• Exercise
Print exactly the line that contains "Arizona State Sun", then every following line through the end of the material; include nothing else and no pictures.

• Collected material
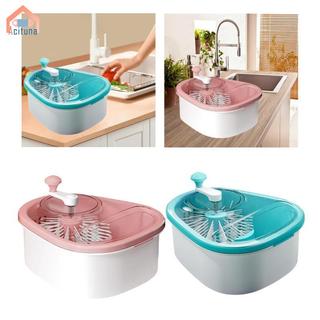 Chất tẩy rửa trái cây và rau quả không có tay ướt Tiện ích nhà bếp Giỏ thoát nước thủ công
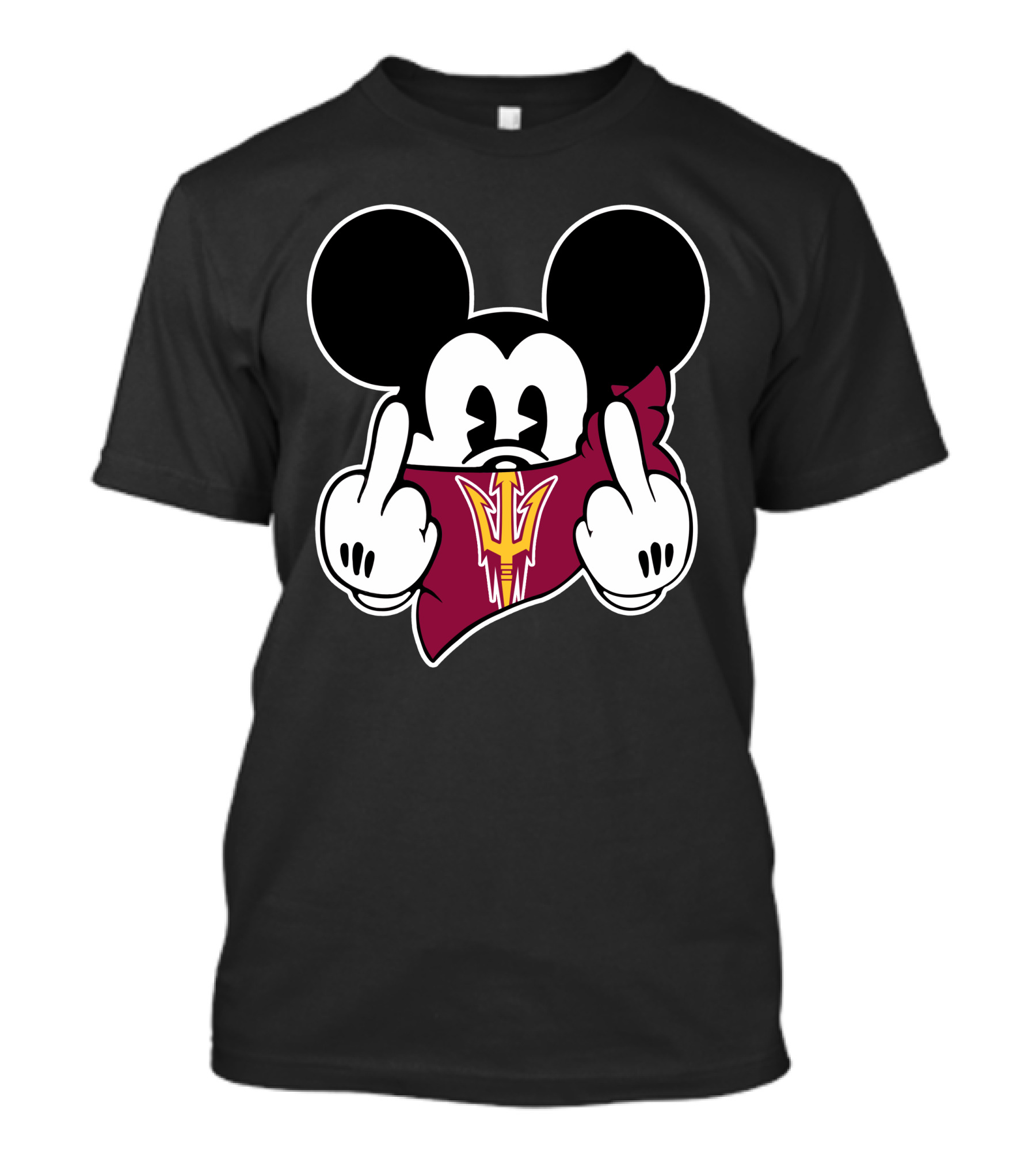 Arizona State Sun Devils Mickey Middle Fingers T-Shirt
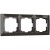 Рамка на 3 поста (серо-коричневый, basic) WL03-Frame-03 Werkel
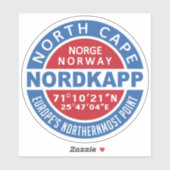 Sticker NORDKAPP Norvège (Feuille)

• Answer section
 Arizona State Sun Devils Mickey Middle Fingers T-Shirt
 Рамка на 3 поста (серо-коричневый, basic) WL03-Frame-03 Werkel
 Sticker NORDKAPP Norvège (Feuille)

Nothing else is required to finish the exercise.